The year 1869 was an eventful one for sailing ships, with the opening of the Suez Canal in Egypt, and the launching of the Cutty Sark, one of the last clippers to carry tea from China to its greatest consumers in Europe. At its fastest, that ship covered the 14,000 nautical miles around the Cape of Good Hope in as little as 107 days
Aivazovsky’s painting of ships passing through the Suez Canal in its first year of operation shows them in a quite unearthly light. These use combined propulsion, with both full sailing rig and steam power. Vessels which relied only on wind had to be towed through ignominiously behind a steam tug. Although this saved over three thousand miles from the total distance between China and London, it wasn’t really practical for sailing clippers, and another nail in sail’s coffin.
The late nineteenth century also saw painters take their easels progressively further, to the Middle East where they made Orientalist scenes, and to more hostile environments in the far north of North America.
Alberto Pasini’s At The Golden Horn from about 1876 shows a dockside not far from the bustling city of Istanbul. The Golden Horn (in Modern Turkish, Haliç) is a horn-shaped estuary which empties into the Bosphorus Strait at ‘Old Istanbul’. As a stretch of sheltered water so close to the city, it had long been a popular port for smaller traders, such as the mixed steam and sailing ship seen shrouded in coal smoke.
The sun and warmth of Turkey was no attraction to William Bradford, whose Looking out of Battle Harbor (1877) shows what had been a major fishing port on the Labrador coast. Established in the late eighteenth century, it flourished over the following century, then entered decline in the twentieth century, becoming just a summer fishing station. It is now a National Historic Site of Canada.
For many Europeans, the first sailing ship which they boarded was the one which took them away from the land of their birth to a new life in the Americas.

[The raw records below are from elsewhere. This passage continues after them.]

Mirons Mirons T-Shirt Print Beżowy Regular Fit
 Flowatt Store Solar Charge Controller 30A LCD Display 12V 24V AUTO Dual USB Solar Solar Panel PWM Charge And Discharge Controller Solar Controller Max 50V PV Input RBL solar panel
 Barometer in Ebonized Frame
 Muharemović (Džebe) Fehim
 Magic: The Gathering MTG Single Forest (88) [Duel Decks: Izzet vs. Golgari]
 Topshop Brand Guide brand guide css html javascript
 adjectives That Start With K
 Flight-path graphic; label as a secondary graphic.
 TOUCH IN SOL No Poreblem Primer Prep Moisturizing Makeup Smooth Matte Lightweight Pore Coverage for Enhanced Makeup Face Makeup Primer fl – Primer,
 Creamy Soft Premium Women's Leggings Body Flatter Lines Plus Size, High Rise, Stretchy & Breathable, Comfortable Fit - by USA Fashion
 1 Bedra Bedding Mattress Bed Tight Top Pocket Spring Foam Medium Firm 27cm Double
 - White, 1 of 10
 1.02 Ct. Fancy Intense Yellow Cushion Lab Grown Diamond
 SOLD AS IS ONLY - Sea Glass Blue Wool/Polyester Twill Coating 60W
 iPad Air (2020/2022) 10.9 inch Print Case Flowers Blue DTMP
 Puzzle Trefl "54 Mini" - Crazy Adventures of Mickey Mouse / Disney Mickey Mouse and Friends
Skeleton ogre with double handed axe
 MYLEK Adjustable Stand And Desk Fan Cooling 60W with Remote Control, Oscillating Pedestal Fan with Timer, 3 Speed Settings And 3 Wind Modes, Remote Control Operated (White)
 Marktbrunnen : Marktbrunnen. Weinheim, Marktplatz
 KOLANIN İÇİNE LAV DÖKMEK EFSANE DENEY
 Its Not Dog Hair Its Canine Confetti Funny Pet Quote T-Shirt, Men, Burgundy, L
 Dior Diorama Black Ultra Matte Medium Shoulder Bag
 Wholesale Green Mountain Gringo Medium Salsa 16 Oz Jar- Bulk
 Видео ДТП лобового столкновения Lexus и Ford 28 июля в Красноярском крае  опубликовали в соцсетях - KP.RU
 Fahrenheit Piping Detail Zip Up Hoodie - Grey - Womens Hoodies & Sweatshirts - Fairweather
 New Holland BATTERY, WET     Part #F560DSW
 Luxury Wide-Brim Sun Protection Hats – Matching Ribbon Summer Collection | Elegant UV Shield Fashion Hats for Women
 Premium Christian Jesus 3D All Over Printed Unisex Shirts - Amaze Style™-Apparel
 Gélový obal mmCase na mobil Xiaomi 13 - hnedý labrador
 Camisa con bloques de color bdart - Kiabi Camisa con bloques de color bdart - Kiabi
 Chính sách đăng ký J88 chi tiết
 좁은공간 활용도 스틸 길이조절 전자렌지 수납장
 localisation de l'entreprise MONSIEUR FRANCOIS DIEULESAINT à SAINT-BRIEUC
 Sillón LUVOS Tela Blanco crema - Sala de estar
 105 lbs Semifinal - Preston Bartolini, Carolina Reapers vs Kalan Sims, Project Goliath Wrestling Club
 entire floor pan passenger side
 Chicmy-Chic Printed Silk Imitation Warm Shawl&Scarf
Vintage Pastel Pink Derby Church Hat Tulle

William McTaggart’s The Emigrants Leaving the Hebrides was started in 1883, when McTaggart painted the headland from which the emigrants left at Carradale, but he did not complete its details until 1889. This shows Scottish migrants loading their few possessions into rowing boats in the foreground, then being rowed out to the waiting ship in the distance.
When the Neo-Impressionist Georges Seurat campaigned around ports on the French Channel coast during the summer, he not infrequently caught sailing and steamships in harbour. This painting shows a Corner of a Basin, Honfleur in 1886, with its mixture of masts, rigging and funnels.
Eugène Jansson’s Evening in Kornhamnstorg, Stockholm (1897) shows the well-lit waterfront of Stockholm’s old town as a strip across its dominant blue. The square of his title is in the old town, where grain arrived for sale and storage in the past. The artist fills the sky and water with soft and apparently random curves and squiggles, and has scratched linear patterns into the hull of the sailing ship.
Several of the Post-Impressionists who moved to the south of France at the end of the nineteenth and early twentieth centuries sailed themselves. It was perhaps Paul Signac who painted some of the most evocative and colourful views of the last days of sail in the ports of the Midi: in his Notre-Dame-de-la-Garde (La Bonne-Mère), Marseilles from 1905-06 (above), and his more impromptu watercolour of a Corsican Landscape (Ajaccio) from 1931 (below).
The last image prophesying the fate of sail has to be JMW Turner’s Fighting Temeraire from as early as 1839, in which he shows a smoky new paddle-propelled steam tug towing a great sailing warship to be broken up. By the start of the Second World War, almost every sailing ship around the world had undergone the same fate. So ended the days of sail.